Il est possible (mais difficile à démontrer) que la période électorale explique en partie ces délais, de nombreux fonctionnaires étant réquisitionnés pour "coller les affiches"...
Quelques exemples d'incompétence :
- le dossier de Paul issu des services de l'Etat d'Anambra contenait des incohérences flagrantes, essentiellement dues à un copié-collé d'informations issues du dossier d'un autre enfant (!) ; c'est nous-mêmes (et non pas Life) qui avons repéré ces erreurs manifestes et demandé à ce qu'elles soient corrigées (sinon, cela aurait bloqué notre démarche à un moment ou à un autre) ;
- une copie d'un document transmis par les services d'Anambra au ministère de l'immigration à Abuja était illisible mais ceux-ci ont mis un bon mois avant de le signaler (ce qui veut dire concrètement que personne n'avait fait une lecture exhaustive du dossier jusque-là) ;
- le couple qui a adopté juste avant nous a connu un retard significatif dans la dernière ligne droite en raison... d'une pénurie de papier pour l’impression du passeport.

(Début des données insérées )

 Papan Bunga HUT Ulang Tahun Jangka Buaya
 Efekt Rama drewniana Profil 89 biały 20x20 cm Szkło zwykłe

La corruption : c'est un sujet évidemment sensible que nos interlocuteurs esquivent le plus souvent. Ce qui est certain, c'est qu'elle est incontournable au Nigéria, quel que soit le type de démarche administrative, mais il semblerait que Life essaie de la limiter à des montants "raisonnables". On pourrait naïvement se dire que la corruption peut au moins avoir la "vertu" d'accélérer les procédures mais en fait elle obéit ici à des rituels : un fonctionnaire ne dira jamais tout de suite combien il veut mais fera "mariner" l'usager avant de débloquer la situation.

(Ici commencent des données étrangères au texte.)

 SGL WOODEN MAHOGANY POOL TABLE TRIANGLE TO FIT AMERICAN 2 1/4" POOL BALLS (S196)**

Voici un exemple assez caractéristique du fonctionnement du pays. Nous avons obtenu avant notre départ un visa d'une durée de six mois délivré par le consulat du Nigéria à Paris. A priori, pas de problème. Et bien si... Quand nous arrivons à l'aéroport de Lagos, un agent des services de l'immigration met un coup de tampon qui a pour effet de réduire cette durée à un mois (aucune signature de l'agent, aucune base légale à cette démarche), ce qui nous oblige à renouveler la demande de visa chaque mois en payant à chaque fois. Le renouvellement qui intervient au bout du 3e mois s'assimile à un racket (environ 2000€ par visa). Pour nous éviter de payer cette somme, la présidente de Life va tout simplement corrompre un agent de l'immigration à notre sortie du territoire (c'est arrivé à d'autres familles avant nous)...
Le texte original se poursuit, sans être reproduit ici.